Y esto fue todo. La visión se desvaneció; la oscuridad se hizo en el alma de Pitou, como se hacía en la naturaleza, y, revolcándose en los brezos, el pobre muchacho se dejó llevar de los ingenuos impulsos de su dolor.
La frescura de la noche le serenó.
—No volveré a la granja —dijo— porque me vería humillado, burlado y debería comer el pan de una mujer que ama a otro hombre, a un hombre que, debo confesarlo, es más guapo, más rico y más elegante que yo. No: mi lugar no está ya en Pisseleux, sino en Haramont, en mi país, donde tal vez hallaré personas que no echarán de ver si mis rodillas parecen nudos de servilleta.

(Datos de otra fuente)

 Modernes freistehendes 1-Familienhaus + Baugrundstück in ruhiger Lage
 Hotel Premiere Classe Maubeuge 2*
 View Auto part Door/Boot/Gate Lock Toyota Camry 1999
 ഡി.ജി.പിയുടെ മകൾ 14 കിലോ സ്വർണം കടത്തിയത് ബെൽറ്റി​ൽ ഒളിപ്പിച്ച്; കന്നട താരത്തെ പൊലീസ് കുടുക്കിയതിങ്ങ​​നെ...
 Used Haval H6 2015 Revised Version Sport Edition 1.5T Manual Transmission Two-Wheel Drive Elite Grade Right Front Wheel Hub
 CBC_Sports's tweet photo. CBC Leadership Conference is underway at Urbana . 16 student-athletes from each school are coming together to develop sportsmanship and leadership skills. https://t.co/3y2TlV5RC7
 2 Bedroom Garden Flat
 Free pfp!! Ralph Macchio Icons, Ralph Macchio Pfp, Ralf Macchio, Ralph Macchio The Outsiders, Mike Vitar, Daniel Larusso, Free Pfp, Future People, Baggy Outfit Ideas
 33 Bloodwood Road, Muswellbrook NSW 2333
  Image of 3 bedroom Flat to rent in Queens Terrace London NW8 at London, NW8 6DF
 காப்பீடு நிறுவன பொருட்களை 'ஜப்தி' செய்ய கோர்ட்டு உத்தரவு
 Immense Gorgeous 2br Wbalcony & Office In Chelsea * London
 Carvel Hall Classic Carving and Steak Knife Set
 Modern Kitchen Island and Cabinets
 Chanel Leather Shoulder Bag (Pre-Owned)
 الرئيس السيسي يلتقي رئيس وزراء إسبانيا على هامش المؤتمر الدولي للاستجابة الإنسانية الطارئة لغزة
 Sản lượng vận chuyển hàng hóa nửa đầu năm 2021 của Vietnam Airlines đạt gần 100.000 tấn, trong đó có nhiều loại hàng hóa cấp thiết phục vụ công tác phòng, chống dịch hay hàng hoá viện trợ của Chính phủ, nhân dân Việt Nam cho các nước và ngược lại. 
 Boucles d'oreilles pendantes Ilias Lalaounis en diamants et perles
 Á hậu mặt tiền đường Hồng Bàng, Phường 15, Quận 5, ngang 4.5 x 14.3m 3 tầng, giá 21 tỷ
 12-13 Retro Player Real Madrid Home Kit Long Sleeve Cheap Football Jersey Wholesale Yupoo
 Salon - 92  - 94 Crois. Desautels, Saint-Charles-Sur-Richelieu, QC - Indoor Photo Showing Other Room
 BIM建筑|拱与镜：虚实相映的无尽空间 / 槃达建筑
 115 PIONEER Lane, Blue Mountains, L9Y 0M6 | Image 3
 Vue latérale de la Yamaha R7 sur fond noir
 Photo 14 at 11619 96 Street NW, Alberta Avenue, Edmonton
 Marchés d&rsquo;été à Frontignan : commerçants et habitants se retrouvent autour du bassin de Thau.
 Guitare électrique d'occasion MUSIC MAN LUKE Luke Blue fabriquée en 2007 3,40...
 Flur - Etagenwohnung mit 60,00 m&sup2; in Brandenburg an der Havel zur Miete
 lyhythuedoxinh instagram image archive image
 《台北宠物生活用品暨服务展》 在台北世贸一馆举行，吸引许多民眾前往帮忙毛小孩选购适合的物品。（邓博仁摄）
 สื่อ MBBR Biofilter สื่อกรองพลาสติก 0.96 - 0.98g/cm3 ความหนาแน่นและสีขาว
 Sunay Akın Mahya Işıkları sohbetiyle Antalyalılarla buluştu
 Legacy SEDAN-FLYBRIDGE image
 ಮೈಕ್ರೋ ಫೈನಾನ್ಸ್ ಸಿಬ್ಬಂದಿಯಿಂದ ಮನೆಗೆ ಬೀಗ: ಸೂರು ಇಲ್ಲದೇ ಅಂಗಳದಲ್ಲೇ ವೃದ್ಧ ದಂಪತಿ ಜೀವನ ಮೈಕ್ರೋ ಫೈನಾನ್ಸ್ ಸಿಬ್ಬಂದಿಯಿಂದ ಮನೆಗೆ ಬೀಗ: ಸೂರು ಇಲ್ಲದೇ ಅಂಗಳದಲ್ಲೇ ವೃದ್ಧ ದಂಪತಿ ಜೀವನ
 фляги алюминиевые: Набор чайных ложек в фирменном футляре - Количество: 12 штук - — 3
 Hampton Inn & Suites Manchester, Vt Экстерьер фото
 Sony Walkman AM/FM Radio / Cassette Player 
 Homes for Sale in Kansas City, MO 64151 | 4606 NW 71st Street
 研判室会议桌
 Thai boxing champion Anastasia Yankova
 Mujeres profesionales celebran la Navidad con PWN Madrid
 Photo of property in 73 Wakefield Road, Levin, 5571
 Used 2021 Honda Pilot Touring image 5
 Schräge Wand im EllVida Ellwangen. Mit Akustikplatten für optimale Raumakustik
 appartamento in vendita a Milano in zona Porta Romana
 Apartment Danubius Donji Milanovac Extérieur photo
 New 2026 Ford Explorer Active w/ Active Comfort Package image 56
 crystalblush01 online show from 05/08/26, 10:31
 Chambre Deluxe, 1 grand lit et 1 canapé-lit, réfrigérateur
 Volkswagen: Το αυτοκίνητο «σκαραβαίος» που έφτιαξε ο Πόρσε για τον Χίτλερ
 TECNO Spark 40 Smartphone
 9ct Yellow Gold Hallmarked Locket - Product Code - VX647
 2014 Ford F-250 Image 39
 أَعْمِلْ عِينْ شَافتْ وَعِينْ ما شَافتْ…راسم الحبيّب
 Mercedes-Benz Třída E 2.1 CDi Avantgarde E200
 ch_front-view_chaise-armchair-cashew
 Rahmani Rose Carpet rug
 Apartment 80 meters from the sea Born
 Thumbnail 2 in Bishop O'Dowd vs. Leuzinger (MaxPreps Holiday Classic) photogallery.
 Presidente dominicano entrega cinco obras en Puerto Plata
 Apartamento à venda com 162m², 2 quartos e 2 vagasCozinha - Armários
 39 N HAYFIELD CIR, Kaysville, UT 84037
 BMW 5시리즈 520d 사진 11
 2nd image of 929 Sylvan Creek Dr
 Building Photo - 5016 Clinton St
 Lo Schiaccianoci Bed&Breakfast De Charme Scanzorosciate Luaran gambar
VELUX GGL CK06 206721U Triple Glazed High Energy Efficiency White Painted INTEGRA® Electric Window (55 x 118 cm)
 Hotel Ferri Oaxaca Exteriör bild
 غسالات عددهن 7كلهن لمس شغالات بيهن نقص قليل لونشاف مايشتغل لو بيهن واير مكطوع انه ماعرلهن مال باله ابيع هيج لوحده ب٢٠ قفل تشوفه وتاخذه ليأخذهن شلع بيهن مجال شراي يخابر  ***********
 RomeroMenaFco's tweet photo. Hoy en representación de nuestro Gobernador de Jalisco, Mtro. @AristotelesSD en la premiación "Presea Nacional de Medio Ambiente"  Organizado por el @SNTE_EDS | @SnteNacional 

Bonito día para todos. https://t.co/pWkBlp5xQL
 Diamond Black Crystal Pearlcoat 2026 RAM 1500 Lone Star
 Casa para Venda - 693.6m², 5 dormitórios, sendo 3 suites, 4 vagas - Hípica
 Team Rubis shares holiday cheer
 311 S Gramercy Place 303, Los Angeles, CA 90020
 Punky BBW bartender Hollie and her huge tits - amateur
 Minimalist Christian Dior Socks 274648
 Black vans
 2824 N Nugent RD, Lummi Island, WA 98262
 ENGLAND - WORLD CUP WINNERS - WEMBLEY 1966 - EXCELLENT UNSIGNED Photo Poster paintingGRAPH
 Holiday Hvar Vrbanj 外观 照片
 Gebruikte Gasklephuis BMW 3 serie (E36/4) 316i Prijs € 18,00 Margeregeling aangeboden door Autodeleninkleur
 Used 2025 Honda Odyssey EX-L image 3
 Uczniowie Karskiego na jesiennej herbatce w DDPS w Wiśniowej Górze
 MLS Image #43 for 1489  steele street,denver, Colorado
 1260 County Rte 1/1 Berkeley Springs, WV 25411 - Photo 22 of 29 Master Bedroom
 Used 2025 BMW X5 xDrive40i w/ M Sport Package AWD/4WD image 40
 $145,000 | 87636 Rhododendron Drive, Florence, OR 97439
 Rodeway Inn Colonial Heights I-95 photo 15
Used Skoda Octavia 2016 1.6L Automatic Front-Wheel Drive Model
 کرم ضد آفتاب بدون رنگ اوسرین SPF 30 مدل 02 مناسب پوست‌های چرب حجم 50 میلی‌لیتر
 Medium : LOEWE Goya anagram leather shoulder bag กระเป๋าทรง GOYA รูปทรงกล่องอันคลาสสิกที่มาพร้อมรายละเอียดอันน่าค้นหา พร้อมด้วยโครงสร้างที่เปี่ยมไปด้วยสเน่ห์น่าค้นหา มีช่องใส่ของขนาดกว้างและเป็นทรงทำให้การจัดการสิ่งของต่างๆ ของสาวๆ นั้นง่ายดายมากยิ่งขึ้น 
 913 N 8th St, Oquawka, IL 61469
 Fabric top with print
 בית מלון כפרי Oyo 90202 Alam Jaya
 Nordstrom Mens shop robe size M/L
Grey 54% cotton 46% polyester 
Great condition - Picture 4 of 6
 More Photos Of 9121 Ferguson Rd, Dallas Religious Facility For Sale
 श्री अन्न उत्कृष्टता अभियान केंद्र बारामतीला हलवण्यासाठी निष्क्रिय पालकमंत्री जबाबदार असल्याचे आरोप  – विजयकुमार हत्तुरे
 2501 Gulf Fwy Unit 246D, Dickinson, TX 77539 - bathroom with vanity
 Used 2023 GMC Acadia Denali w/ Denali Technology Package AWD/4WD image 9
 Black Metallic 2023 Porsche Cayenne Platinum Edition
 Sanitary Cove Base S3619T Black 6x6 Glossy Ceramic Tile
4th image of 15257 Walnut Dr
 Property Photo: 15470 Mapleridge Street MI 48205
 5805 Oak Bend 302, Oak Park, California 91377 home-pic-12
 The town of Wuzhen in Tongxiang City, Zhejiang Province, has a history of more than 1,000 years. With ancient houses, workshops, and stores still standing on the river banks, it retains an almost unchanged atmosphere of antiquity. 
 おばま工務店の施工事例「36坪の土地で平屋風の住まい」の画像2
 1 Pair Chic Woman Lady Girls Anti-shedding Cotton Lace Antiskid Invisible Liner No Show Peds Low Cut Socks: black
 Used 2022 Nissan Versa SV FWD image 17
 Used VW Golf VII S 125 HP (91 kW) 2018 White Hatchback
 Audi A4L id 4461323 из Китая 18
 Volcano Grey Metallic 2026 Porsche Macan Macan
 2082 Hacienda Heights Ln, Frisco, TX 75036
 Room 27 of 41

Dicho esto, Pitou se frotó sus largas piernas y encaminóse hacia Haramont, donde, sin que él lo sospechase, le habían precedido su reputación y la de su casco y su sable, y donde le esperaban, si no la felicidad, por lo menos un destino glorioso.
Ya se sabe que no es atributo de la humanidad hallar siempre felicidad completa.